The grounds raised in the memorandum of appeal are argumentative and not in accordance with Rule 8 of the Income Tax (Appellate Tribunal) Rules, 1963. When this was brought to the notice of the assessee, the assessee through his Authorized Representative on 22.08.2022 has furnished the following concise grounds:
Addition of Rs.1,46,2721- : 2. The Assessing Officer / ITO has disallowed set off of Rs.1,46,272/- ignoring the proviso clause to section 43(5)(d) of the Income Tax Act read with explanation. The record of transaction reproduced as Annexure A-7 clearly reflect that all transactions were through NSE and BSE. There is no finding that the transaction by the assesse were through some unrecognized stock exchange. 3. Addition of Rs.12,45,5001- 4. The assesse sustained loss in securities transactions and in order to meet liability arranged liquidity by selling off gold of his wife and mother and some amount having been arranged from his close relatives and deposited the sum of Rs.12,45,500/- in his bank account which was immediately transferred to the account of the stock broker. The Assessing Officer made addition of Rs.12,45,500/- on the basis of section 69A of Income Tax Act, thus that amount cannot be termed as income and is merely 'gross receipt' in cash duly recorded in the bank / books of account of the assesse. Income tax can be imposed only on profit / gain and not on mere gross receipts which is liable to be reduced from gross expenditures / loss. 5. Assessment Officer not entitled to seek production of books of accounts relating to period more than 3 years : 6. Under section 142(1)(iii)(a) read with section 151(2) of the Income Tax Act, the Assessing Officer is prohibited to seek production of any account relating to period more than 3 years prior to the previous year without the prior approval of Joint Commissioner. No such approval for the production of records / accounts has been sought by the Assessing Officer. Hence, the demand is not sustainable. The notice dated 30-03-2017 pertains to AY 2010-2011 (FY 2009- 2010). The demand of A.O. seeking record respecting disposal of gold jewellery / cash loan arranged is without jurisdiction being time barred. 7. Sanctioning against law :
The sanctioning authority merely put the word "yes and satisfied" as against the column of his satisfaction on the ground that certain amount of income tax for the assessment year 2010-2011 has escaped assessment under section 147 of the Act followed by notice dated 30- 03-2017 issued under section 148 to the assesse. Such exercise has been held without application of mind and deprecated by the Apex Court in number of cases.
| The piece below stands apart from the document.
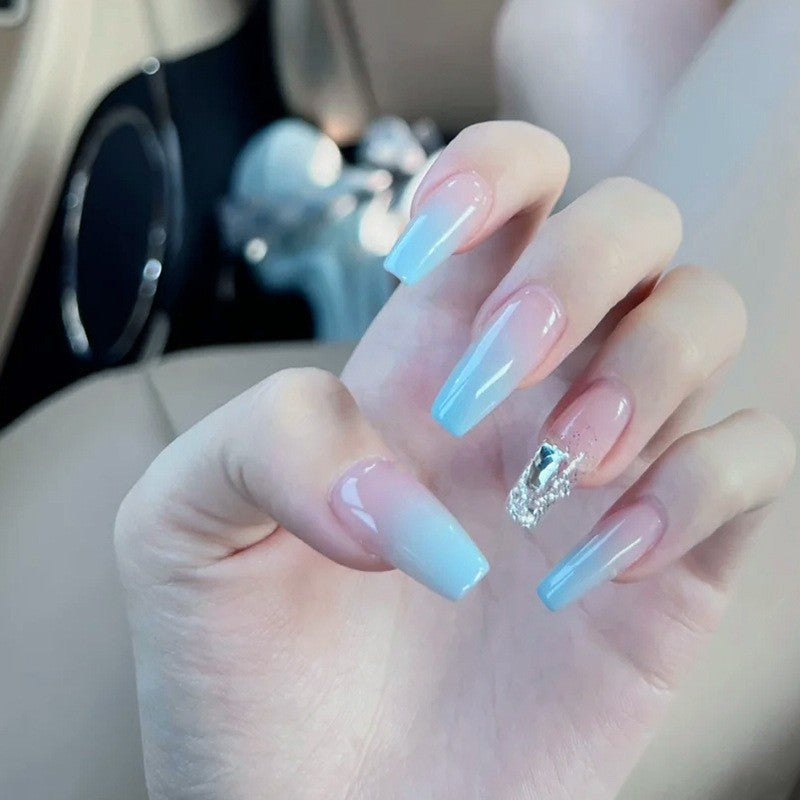 Nail set with elegant ombre and glitter accents Acalora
Non-speaking order : 10. The appellate authority committed irregularity by not only relying upon judgments which are neither relevant nor applicable to the facts of the case of the assesse but went on to state that there is no legal obligation on the statutory authority / tribunal to give reasons for its decision, which is wrong and deserve to be set aside. 11. Hence, on all counts, the additions / demands of the authorities below are not sustainable and thus deserves to be set aside.
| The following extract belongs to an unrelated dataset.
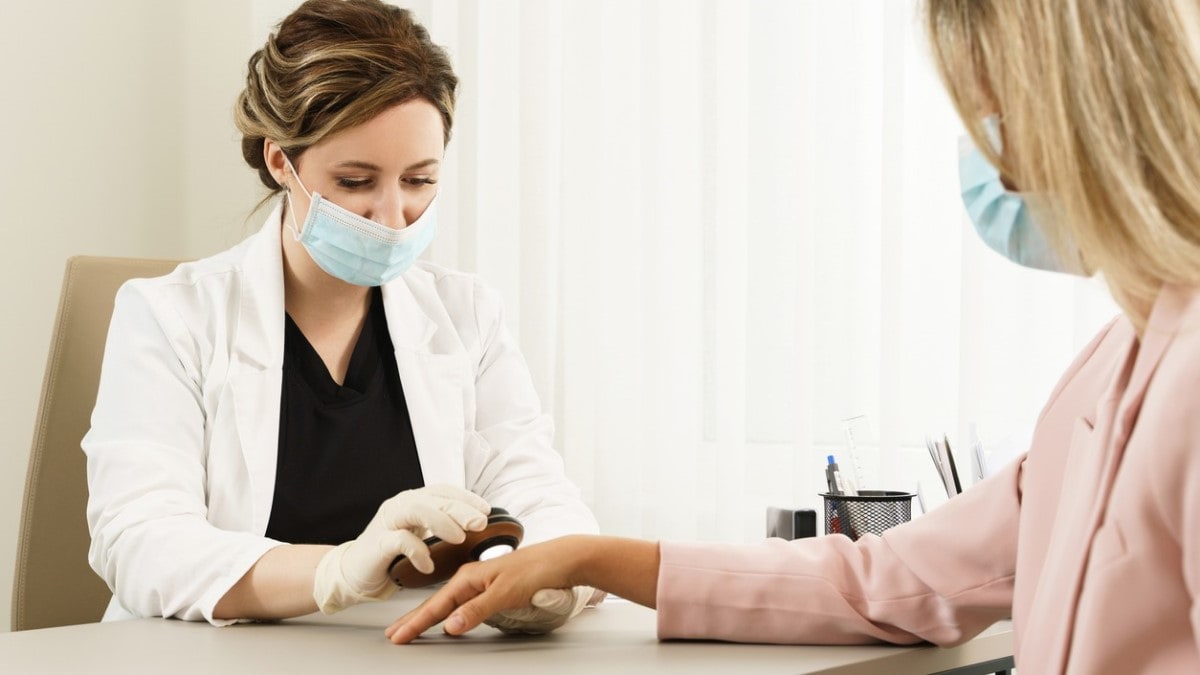 a doctor examining a mole on a woman's hand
Before we proceed to decide the grounds raised by the assessee, it is necessary to deal with the relevant facts. Briefly stated, the assessee is a resident individual. For the assessment year under dispute, the assessee did not file any return of income in terms of section 139(1) of the Act. Subsequently, the Assessing Officer received information indicating that in the year under consideration, the assessee had deposited cash amounting to Rs.12,45,500/- in his savings account. Further, the assessee has invested an amount of Rs.31,55,05,414/- in shares/derivatives/ Futures & Options/Intraday transactions. Since the assessee had not filed any return of income, though, he has entered into such transaction. The Assessing Officer formed a belief that the income chargeable to tax for the year under consideration has escaped assessment. Accordingly, after recording reasons and obtaining approval/sanction of the competent authority in terms of section 151 of the Act, the Assessing Officer reopened the assessment under section 147 of the Act. In response to the notice issued under section 148 of the Act, the assessee filed a return of income declaring total income of Rs.65,780/-. In the return of income, the assessee had computed profit from business at Rs.4,50,000/- under section 44AF of the Act and against such income, the assessee has claimed loss of Rs.3,84,498/-.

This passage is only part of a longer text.